GUEST BLOG: Bryan Bruce – The Real Economy

13
727

When should we loosen the Covid-19 restrictions at our border That’s a big question so let’s ask a couple of slightly smaller ones.

Is your health more important than money?

My answer to that is Yes. You can’t have a lifestyle if you don’t have a life, so for me the border entry issue is primarily a public health decision.

In this regard I have great confidence in Dr Ashley Bloomfield to make the right call on our behalf and former Health Minister David Clark , in my view, has rightly paid the price for undermining his authority instead of publicly standing by him.

Yes, but what about the damage to our economy?

Well, our pre-covid 19 economy was driven by a neoliberal approach to immigration, education and tourism .

High immigration meant a high demand for goods and services but it also put a strain on our housing market and helped push up house prices so that many of us earning our money in the domestic economy could not afford a place of our own.

The commodification of education by neoliberal economics has made money, especially the sums earned from overseas students, the driving motive behind the running of our universities ,whereas once they were places we funded for our own young people to learn, debate and examine ideas for free.

TDB Recommends NewzEngine.com

Why? Because we realized by doing so it would deliver things of long term value to our community and enrich our culture.

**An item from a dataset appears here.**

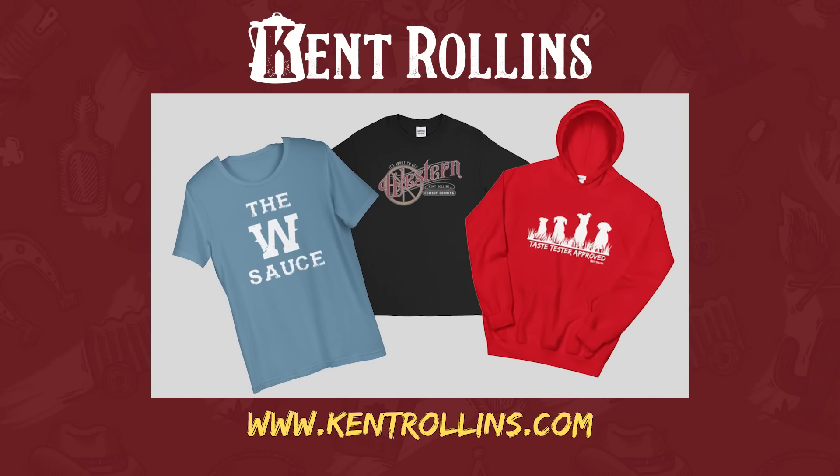We have launched some new apparel — some t-shirts and sweatshirts. We got you fixed up, so be sure and check them out.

As for tourism – do you remember all those pre-covid news items about the damage to our environment and how DOC couldn’t cope with visitor numbers, lack of toilet facilities and freedom campers spoiling parking areas? As we reopen our borders to tourists again we need to do some better planning.

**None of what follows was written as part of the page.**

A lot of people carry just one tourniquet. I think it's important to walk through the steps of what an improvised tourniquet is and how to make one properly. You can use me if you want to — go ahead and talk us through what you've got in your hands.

I think the Covid-19 pandemic has forced us to look at the internal drivers of our own domestic economy and re-evaluate the external forces we have allowed to influence our way of life.

If you have a vested interest in the way things were in our pre-covid econoy I guess you are not going to be very happy with the ideas I have just expressed.

But like it or not the pre-covid economy has gone and as we consider opening our borders I think we should be opening our minds to the even larger question– What kind of Aotearoa/ New Zealand do we want and how can we use our domestic economy (and not overseas money and influences) to pay for it?

It’s with those thoughts in mind I’ll be considering the policies of the various political parties who want to occupy the treasury benches at the upcoming election.

How about you ?

Bryan Bruce is one of NZs most respected documentary makers and public intellectuals who has tirelessly exposed NZs neoliberal economic settings as the main cause for social issues.

13 COMMENTS

  1. Ever seen a cat infested with lice?
    I have. It’s not pretty. I found an old feral tom cat sitting in the middle of my bed on his last legs once when I was a kid. He barely moved as I stared agog at what I was looking at. A terrible seething mass of lice were all over him which spread out over my bedding.
    The moral of that story is too many parasites will kill the fattest cat.
    neoliberalism is nothing more than a system which enables para$ite$ to flourish and as a result you will see homelessness, poverty bedevilled working people and a country seething in debt which spreads like a parasite into every corner of our beautiful AO/NZ.
    And we should pause to ponder that it’s those same parasites who’ve infested our primary industry ( where the sweetest blood is ) and have gone on to parasitise our finances and our politics.
    I’ve just come back from Queenstown. Where egos go to bash each other with their penises. Schist wankery meets rough woods.
    Go to Jacks Point? Watch the lice will run for it from the old dying tom cat.

    • neoliberalism is nothing more than a system which enables para$ite$ to flourish and as a result you will see homelessness, poverty bedevilled working people and a country seething in debt which spreads like a parasite into every corner of our beautiful AO/NZ.

      That’s capitalism. Not just the neo-liberal form of it but all capitalism. And its destroyed civilisations going back thousands of years:

      These factors can lead to collapse when they converge to generate two crucial social features: “the stretching of resources due to the strain placed on the ecological carrying capacity”; and “the economic stratification of society into Elites [rich] and Masses (or “Commoners”) [poor]” These social phenomena have played “a central role in the character or in the process of the collapse,” in all such cases over “the last five thousand years.”

      Capitalism is there just to justify the bludging of the rich on the poor. After so many thousands of years its time we woke up to the fact that we’re being ripped off.

  2. Neoliberals and the media still braying for more workers to keep their visas/immigration Ponzi fees going, because apparently the 5 million already in NZ including 300,000+ migrant workers are still here and have no jobs maybe cos they are all so lazy and drugged out they don’t want to work, rather than the shortage of work everywhere. Sarcasm.

    Headaches for wine industry’s 2021 harvest as Covid-19 keeps skilled foreign workforce out
    (Here’s a hint, bother training local people in NZ’s large and growing wine industry, but you many have to pay them appropriately!)
    https://www.tvnz.co.nz/one-news/new-zealand/headaches-wine-industrys-2021-harvest-covid-19-keeps-skilled-foreign-workforce

    Coronavirus: 40% of bars, cafes could close due to skills shortage — expert
    expert is “Hospitality recruitment company Barcats” – (more quality journalism).
    https://www.stuff.co.nz/business/industries/122001341/coronavirus-40-of-bars-cafes-could-close-due-to-skills-shortage–expert

    The reality many are out of work and on government wage subsidies!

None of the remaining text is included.